WORK REQUEST:
Output only the lines that run from the one with "Всё ещё снимаем" to the final line of the material, exactly as they are written.

PROVIDED ENTRIES:
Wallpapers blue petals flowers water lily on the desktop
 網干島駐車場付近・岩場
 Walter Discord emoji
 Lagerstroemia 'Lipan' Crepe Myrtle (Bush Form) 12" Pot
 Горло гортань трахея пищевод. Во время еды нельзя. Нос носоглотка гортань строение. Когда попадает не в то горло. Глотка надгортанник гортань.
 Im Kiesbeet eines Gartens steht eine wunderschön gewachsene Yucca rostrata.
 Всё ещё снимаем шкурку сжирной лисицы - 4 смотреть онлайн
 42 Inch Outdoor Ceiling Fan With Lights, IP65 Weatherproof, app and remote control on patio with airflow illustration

FINAL ANSWER:
 Всё ещё снимаем шкурку сжирной лисицы - 4 смотреть онлайн
 42 Inch Outdoor Ceiling Fan With Lights, IP65 Weatherproof, app and remote control on patio with airflow illustration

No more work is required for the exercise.